Exercise brief: Below is a listing to write out in full, exactly as given, without its pictures.

Raw data:
■ ■ ■ ■ ■ ■ ■
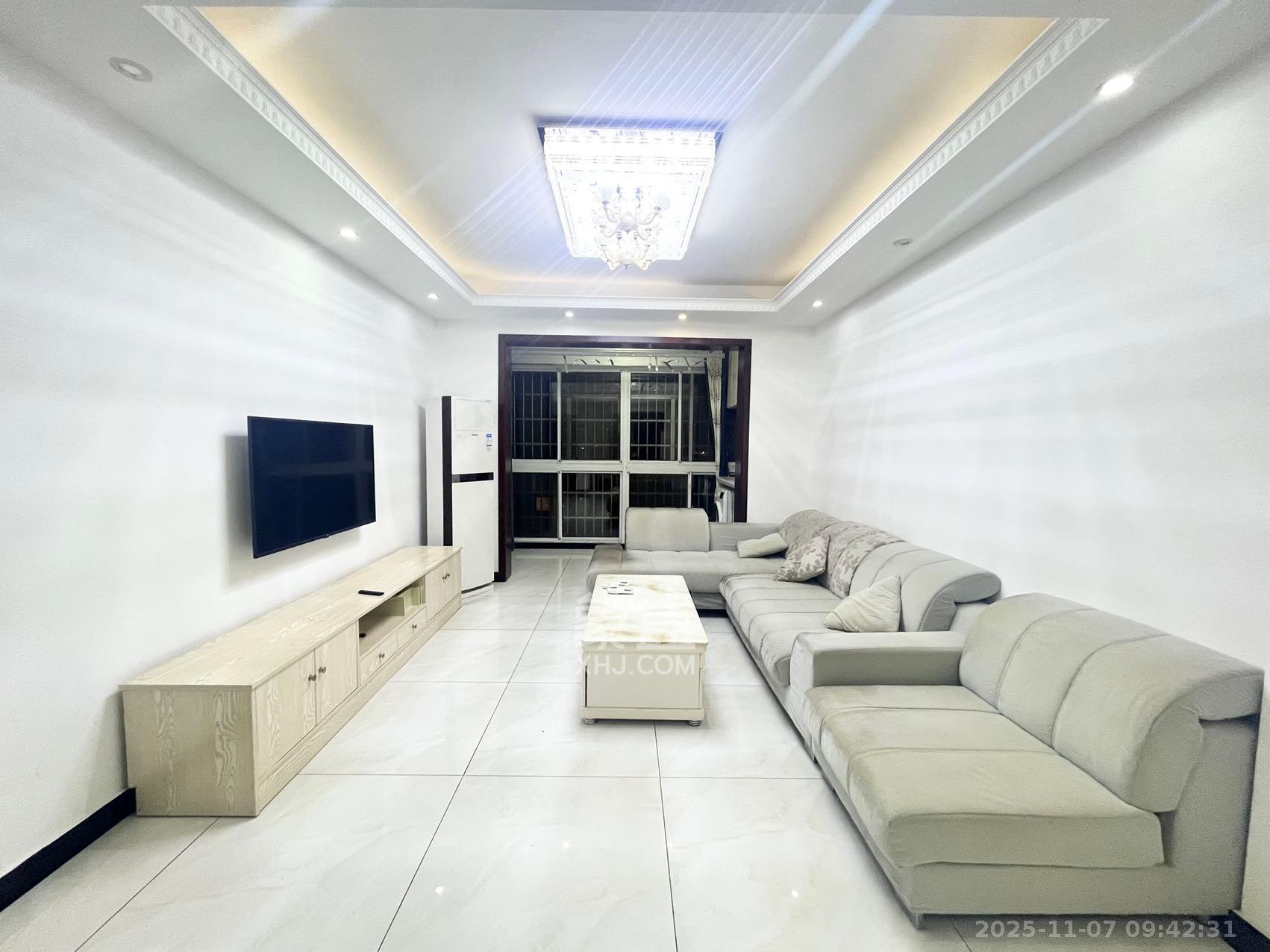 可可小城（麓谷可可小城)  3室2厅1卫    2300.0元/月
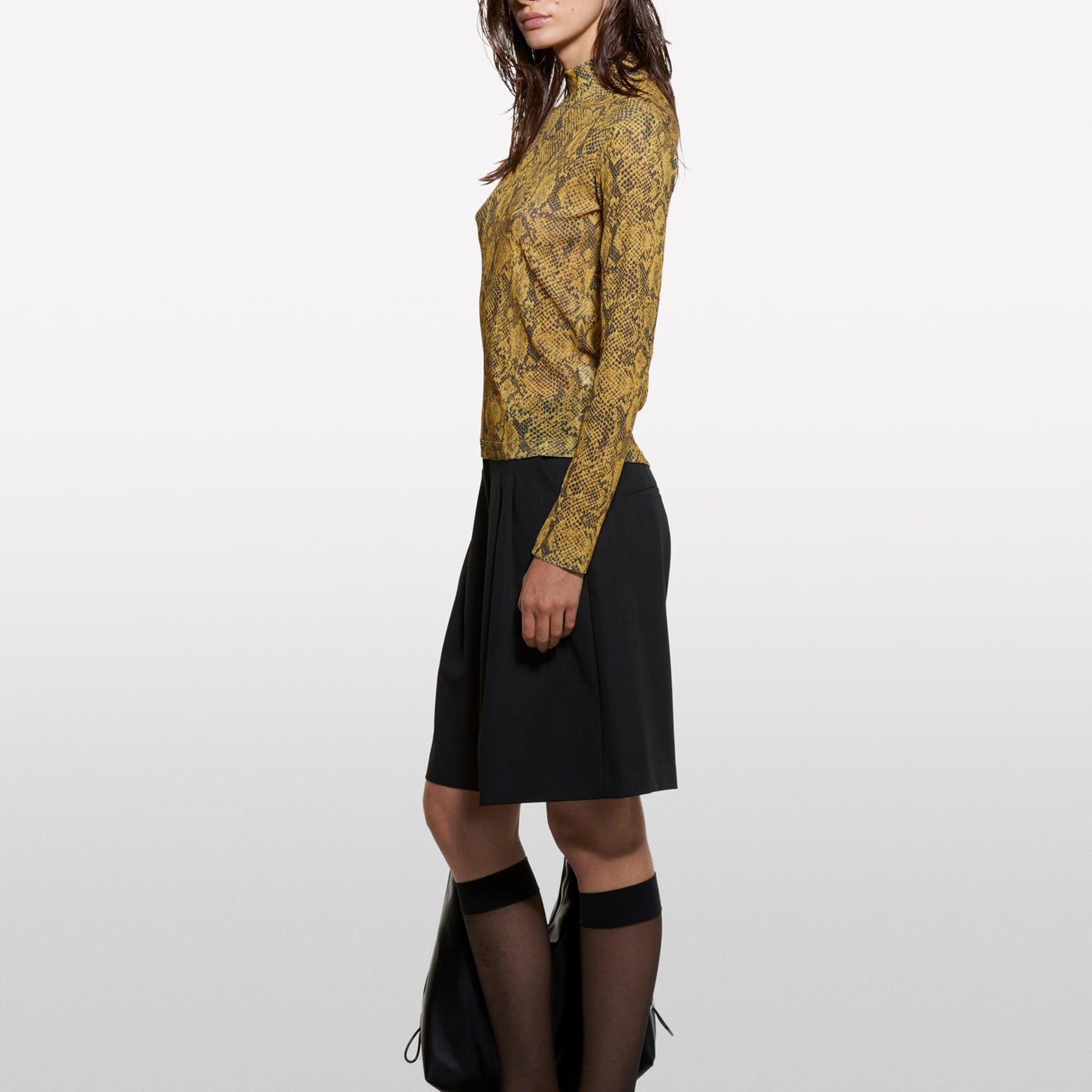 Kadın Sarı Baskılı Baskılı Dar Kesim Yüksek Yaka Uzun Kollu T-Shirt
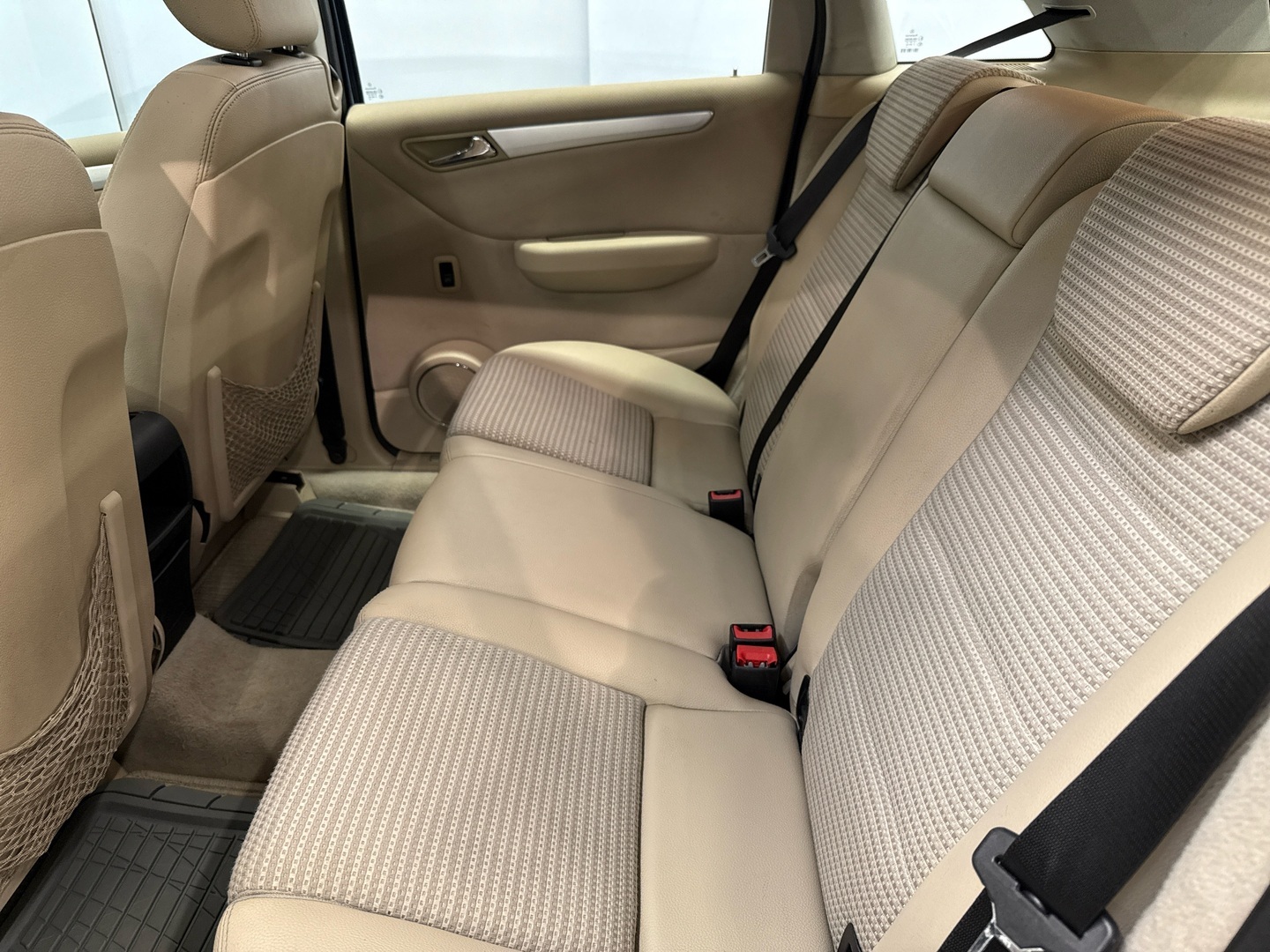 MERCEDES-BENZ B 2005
■ ■ ■ ■ ■ ■ ■
Final answer:
 可可小城（麓谷可可小城)  3室2厅1卫    2300.0元/月
 Kadın Sarı Baskılı Baskılı Dar Kesim Yüksek Yaka Uzun Kollu T-Shirt
 MERCEDES-BENZ B 2005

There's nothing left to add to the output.